Storage#download existed for two reasons:
1) If Storage#open uses Down::ChunkedIO, calling UploadedFile#download
the first time on an UploadedFile object would copy the remote
content to two Tempfiles: the Tempfile that's returned and
Down::ChunkedIO's internal Tempfile. Storage#download allows storage
implementers to avoid the additional copy.
2) Some SDKs such as aws-sdk-s3 implement automatic retries only if the
download destination is a Tempfile (like in S3#download), but not if
it's a block (like in S3#open).
The 1st issue can be addressed by explicitly passing `rewindable: false`
for storages that use Down::ChunkedIO and support :rewindable.
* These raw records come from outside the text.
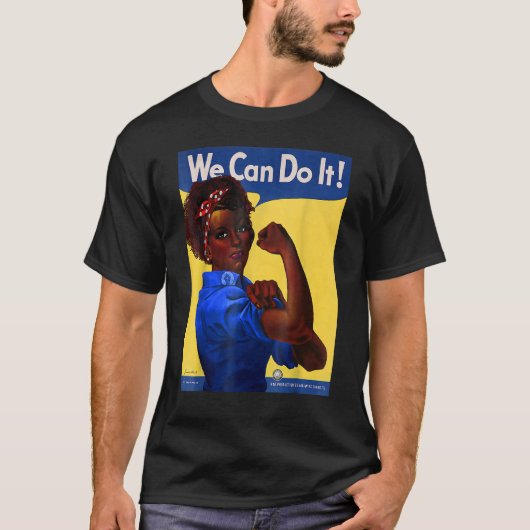 The Riveter Black History Queen Melanin Afro Afric Tシャツ (正面)
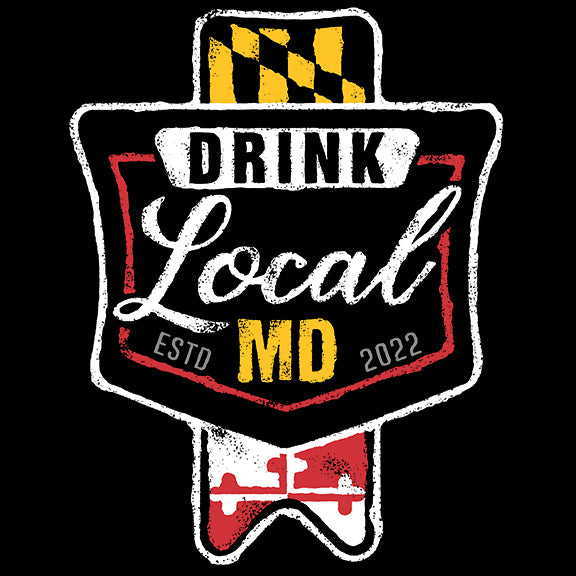 Drink Local Badge Hoodie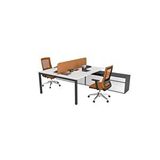 Ofisimi Galaxy İkili Maxi 180 Cm Etajerli Çalişma Ofis Masa Workstation (beyaz/antrasit) Çok Renkli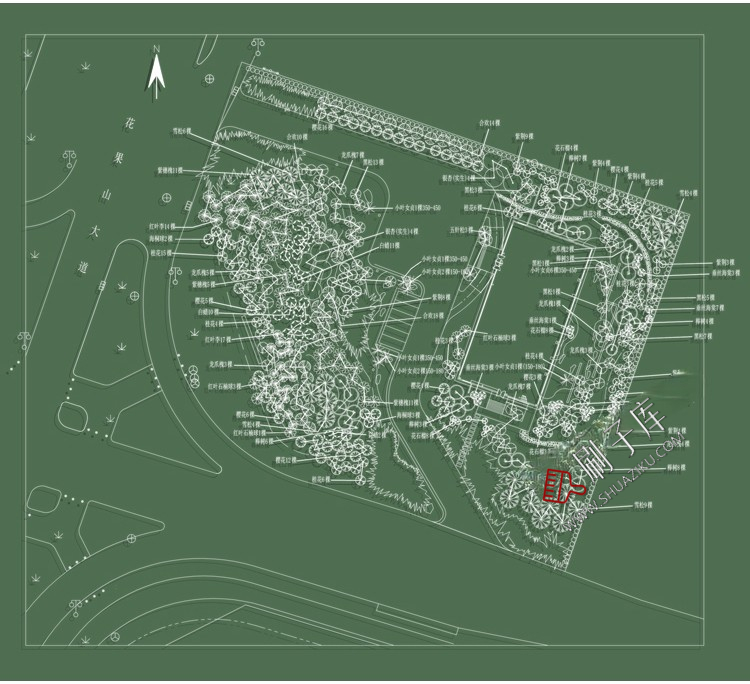 图片[11]-别墅花园庭院设计方案CAD图库平面图植物园林景观施工图图例素材-刷子库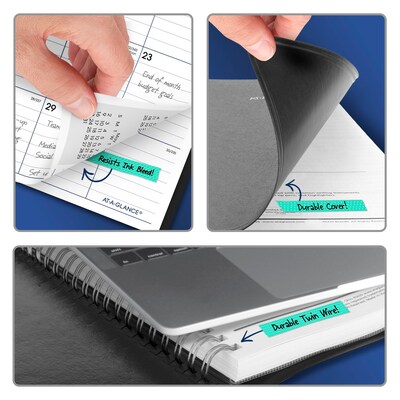 2027 AT-A-GLANCE DayMinder 8" x 12" Monthly Planner, Faux Leather Cover, Black (SK2-00-27)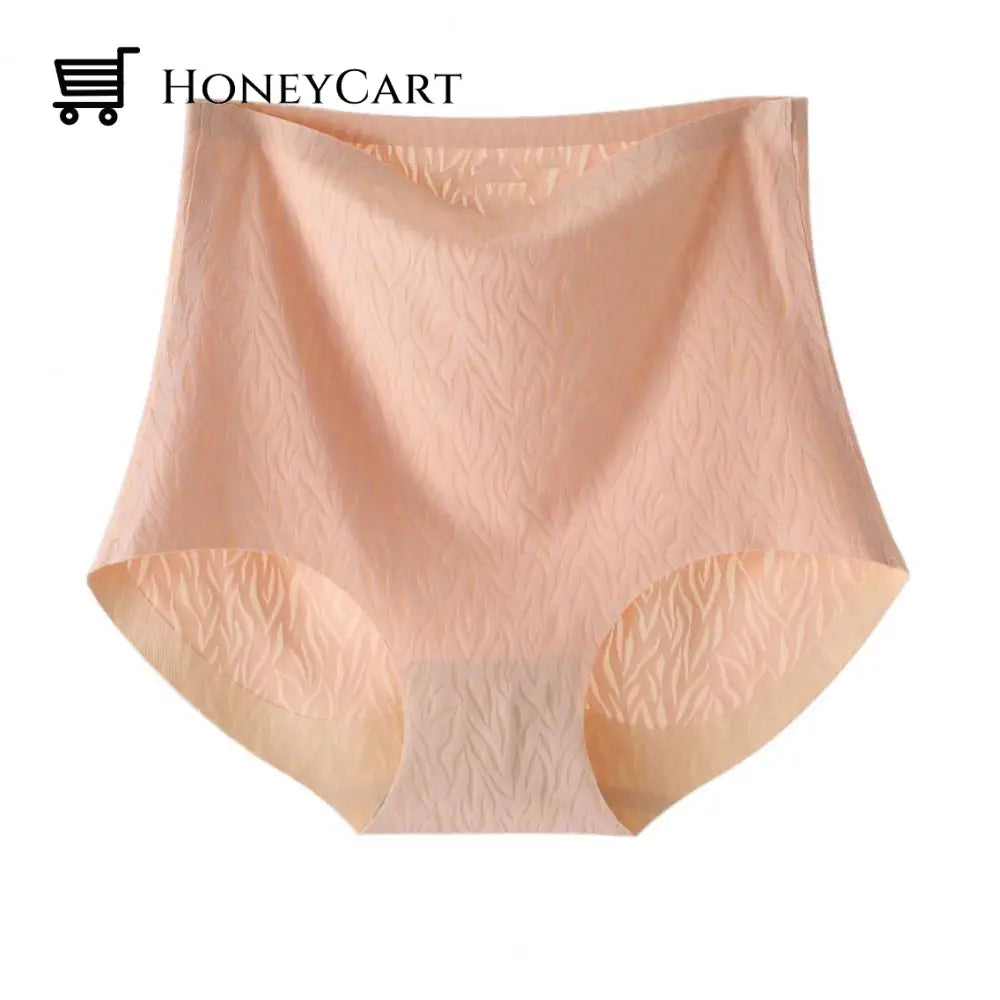 Fresh Seamless High Waist Hip Lifting Tummy Control Panties 4 Pcs-Pink / L(50-60Kg/110-132Lbs)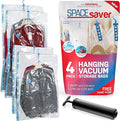 4 Pack Hanging Vacuum Storage Bags by Spacesaver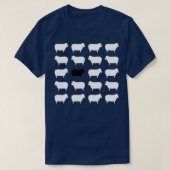 Black Sheep Sweater Pattern T-Shirt (Design vorne)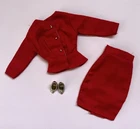 🖤 Pastiche 🖤 Vintage 90s Red Doll Outfit Skirt Peplum Jacket Fits Sindy Barbie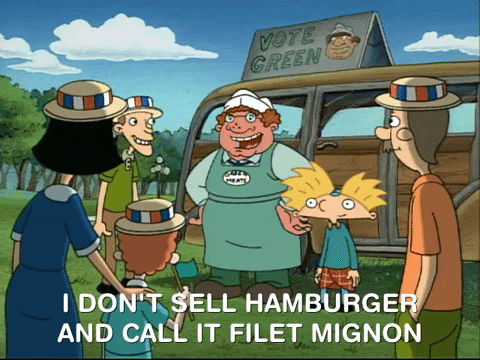Hey Arnold Sell Filet Mignon As Councilman GIF
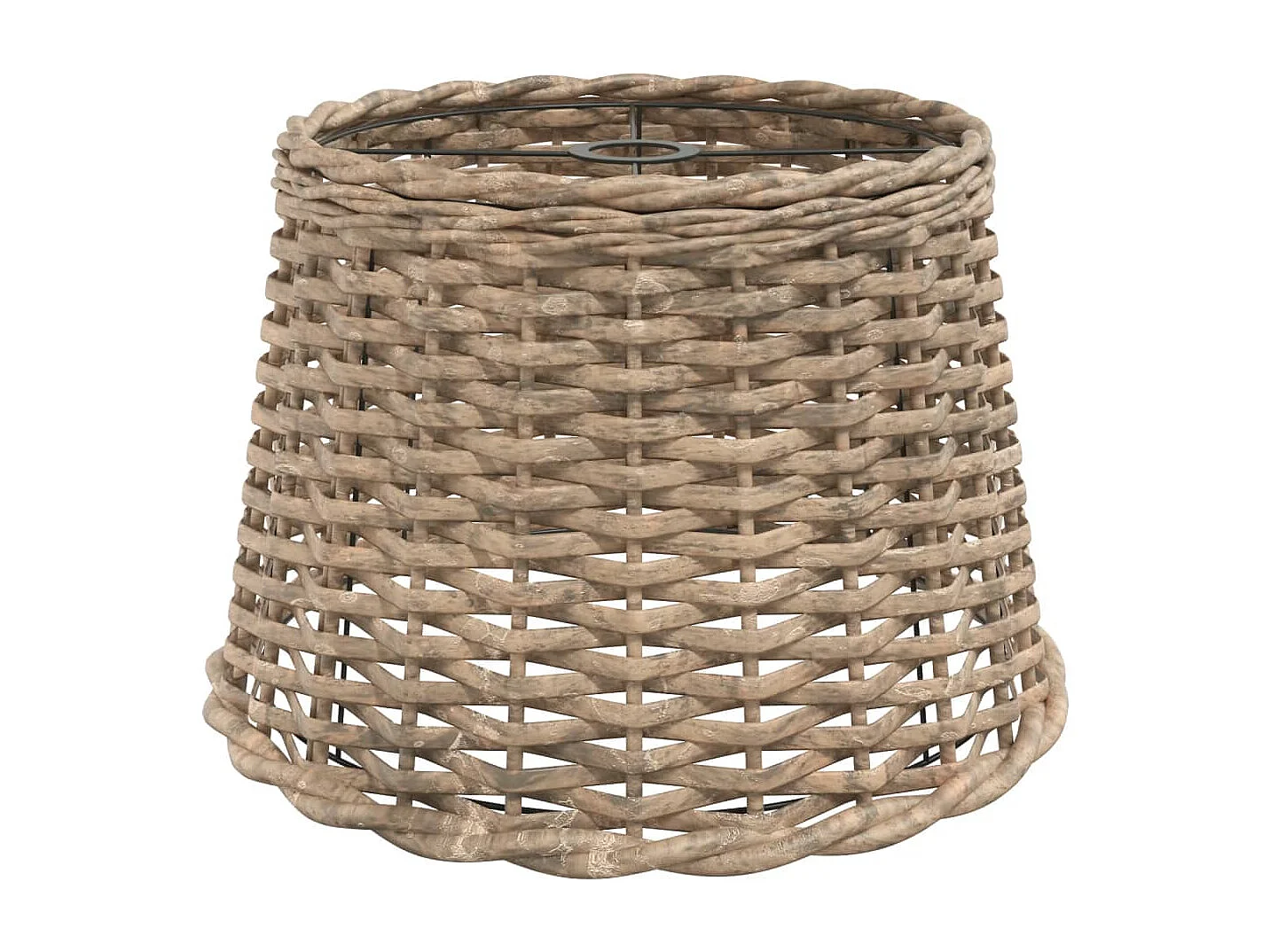 Abat-jour de plafonnier marron Ø40x26 cm osier FR825165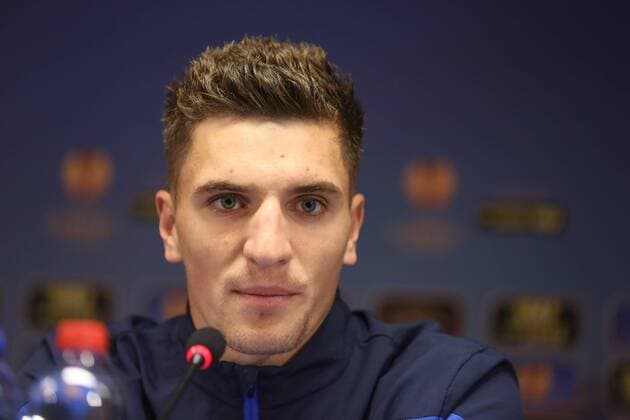 - BRUGGE, BELGIUM: Club s Thomas Meunier pictured at a press conference of Belgian soccer team Club Brugge, Wednesday 22 October 2014, in Brugge. Tomorrow Club Brugge is playing Danish team FC Kobenhavn in the third day of the group stage of the UEFA Europa League competition, in the group B. BRUNOxFAHY 04487028
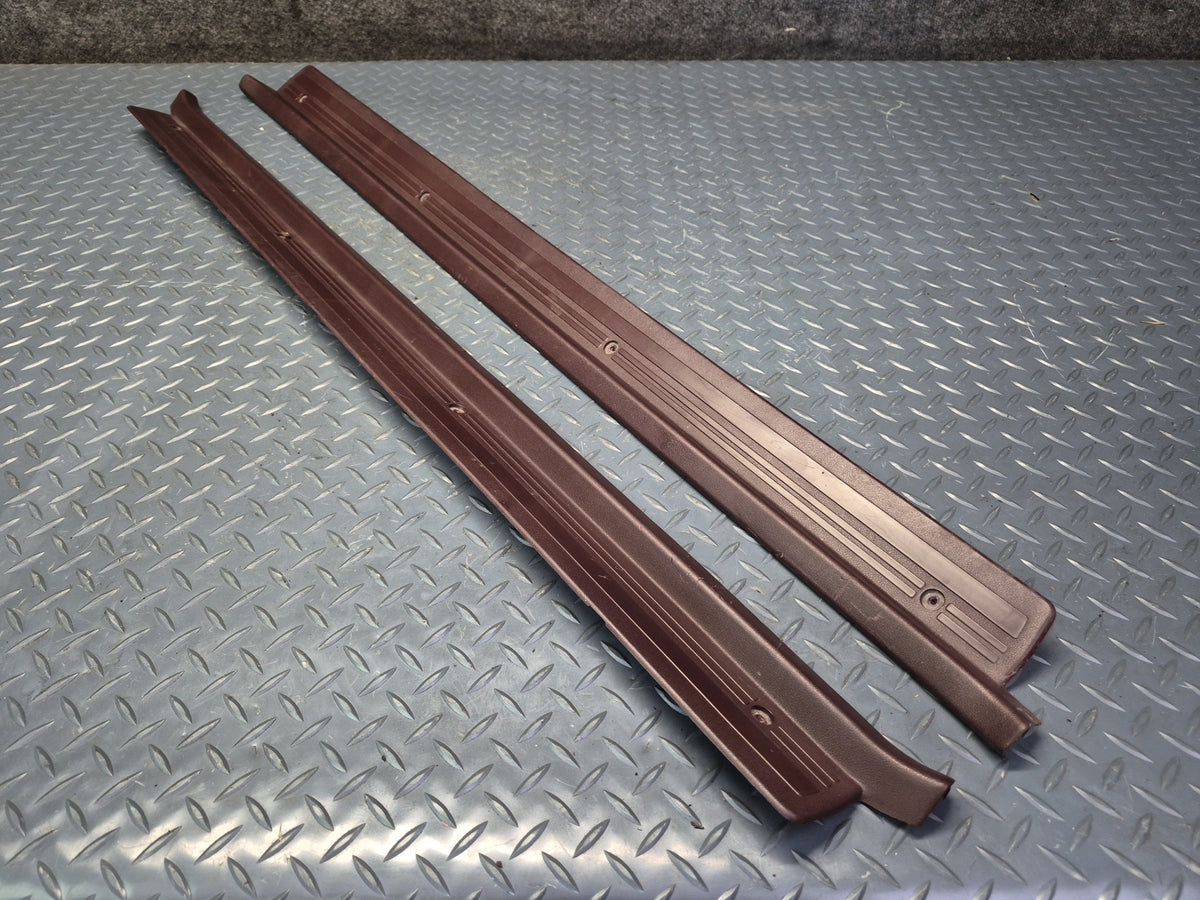 86-92 Toyota Supra MA71 MK3 Set of 2 Left & Right Door Scuff Sill Plate Trim OEM
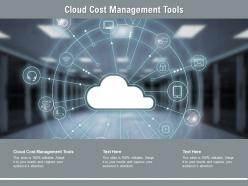 Cloud cost management tools ppt powerpoint presentation infographic cpb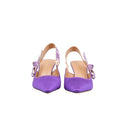 DIOR – Escarpins Slingback J’Adior Satin Violet – Taille 38,5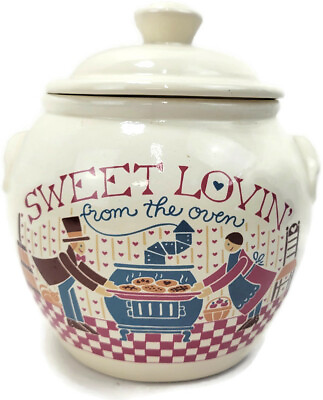 #ad Vintage Treasure Craft Country quot;Sweet Lovinquot; Cookie Jar Made In USA #963 $35.95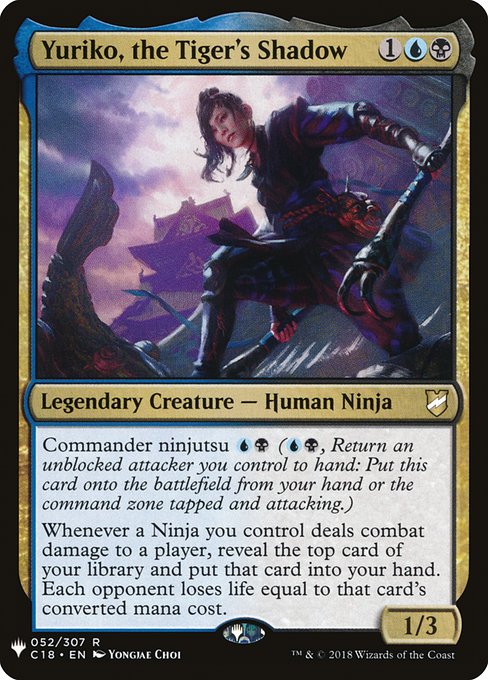 Yuriko, the Tiger's Shadow - The List Reprints - #C18-52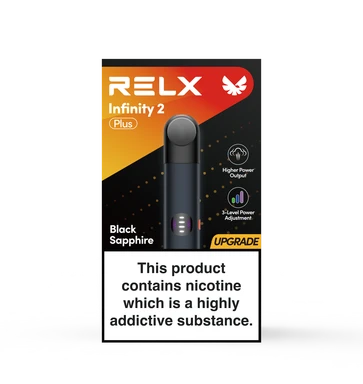 RELX Vape Device Infinity 2 Plus - Black Sapphire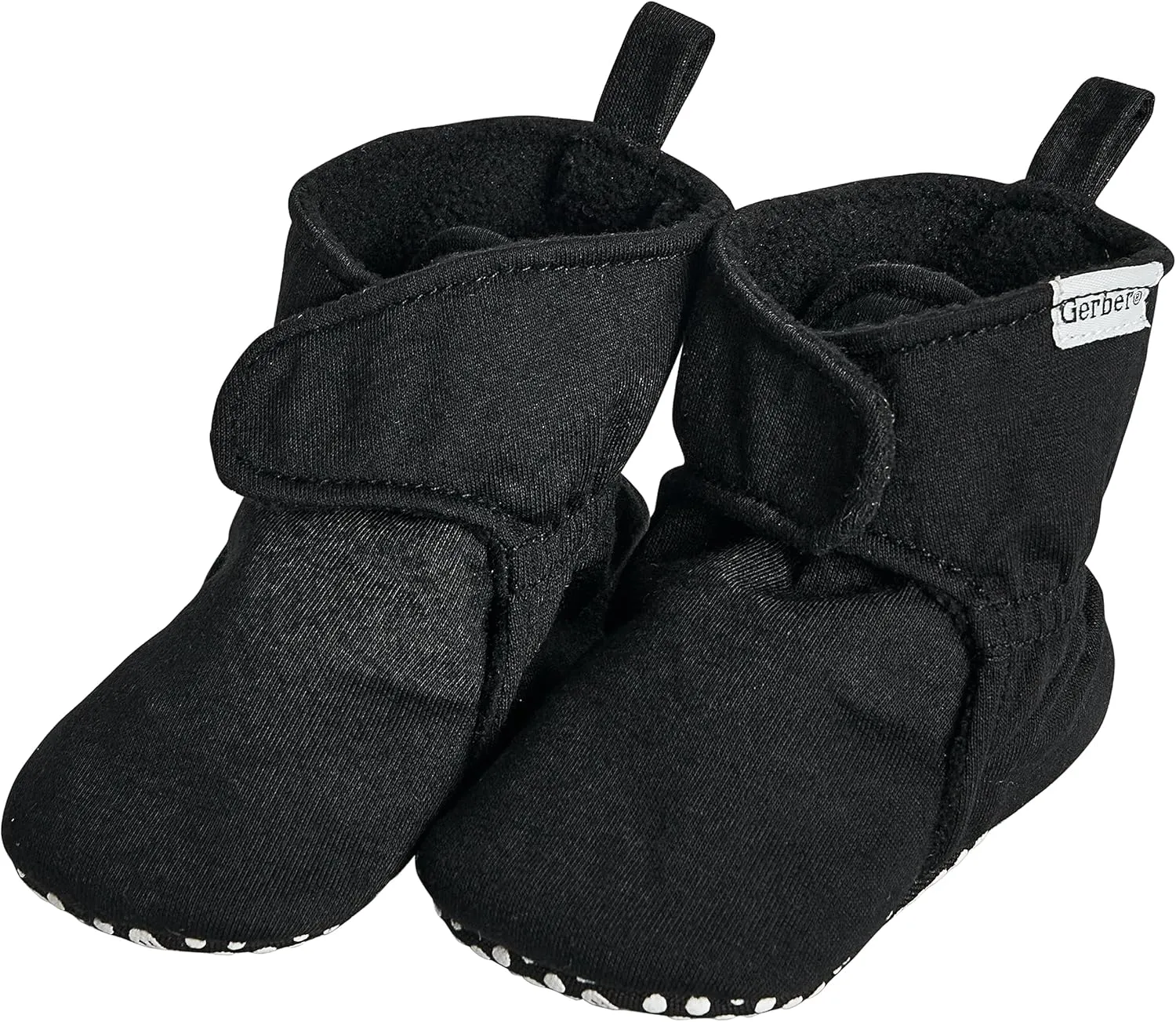 Gerber Baby Fleece Lined Wrap Fasten Non Skid Soft Slipper Booties
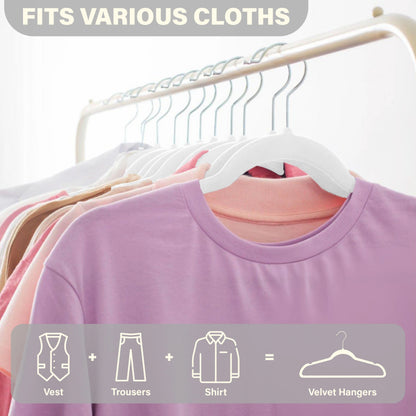Lux Decor Velvet Hangers 30/50 Pack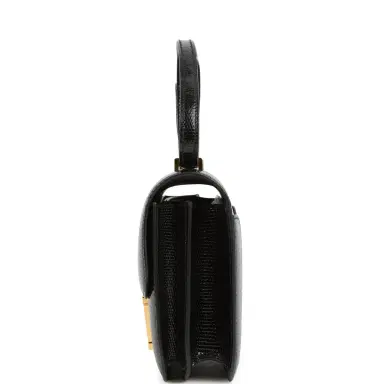 HERMÈS Hermes Constance 18 Black Varanus Salvator Lizard Gold Hardware | Thumbnail 3 HERMÈS Hermes Constance 18 Black Varanus Salvator Lizard Gold Hardware | Thumbnail 3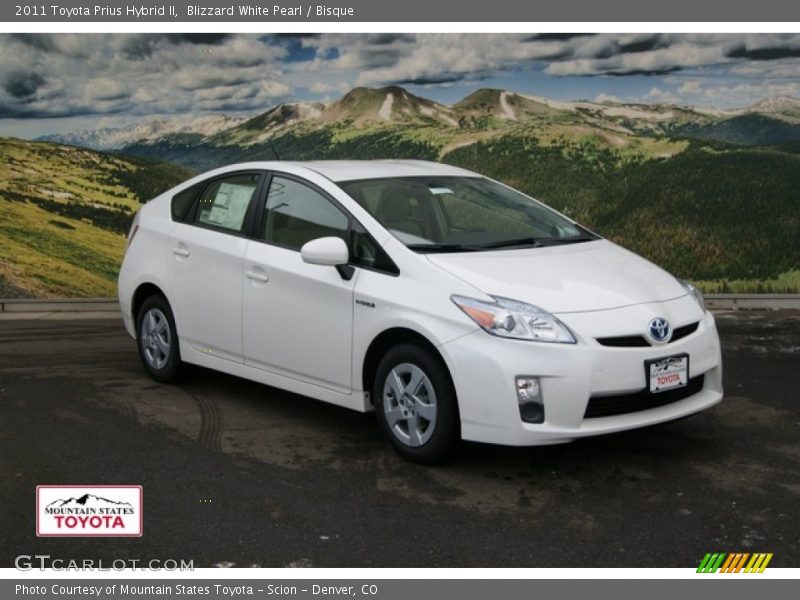 Blizzard White Pearl / Bisque 2011 Toyota Prius Hybrid II
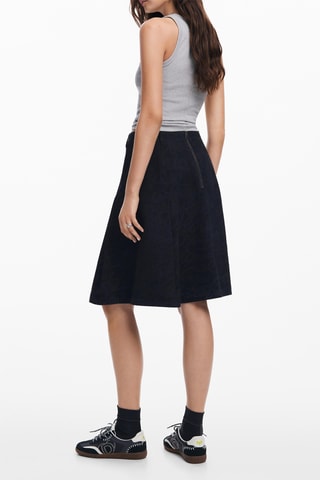 Jupe midi - Noir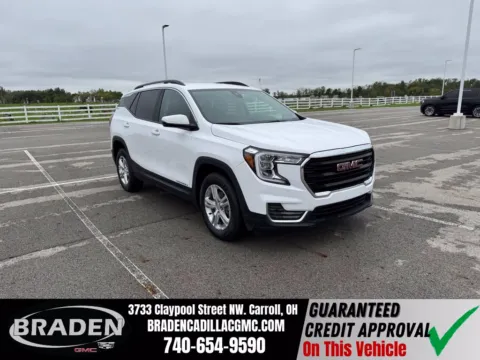 White 2022 GMC Terrain SLE for sale in Carroll, OH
Though
it's not really a big deal anyway.
The 2nd issue should be fixed in the SDK. google-api-client already
supports resumable downloads for any download destination, and
fix for aws-sdk-s3 is in the works.
I no longer believe Storage#download provides enough benefits to keep
around. The performance issues with refresh_metadata plugin and custom
metadata are a great reason to throw it away. An added benefit is that
storages now have one less method to implement.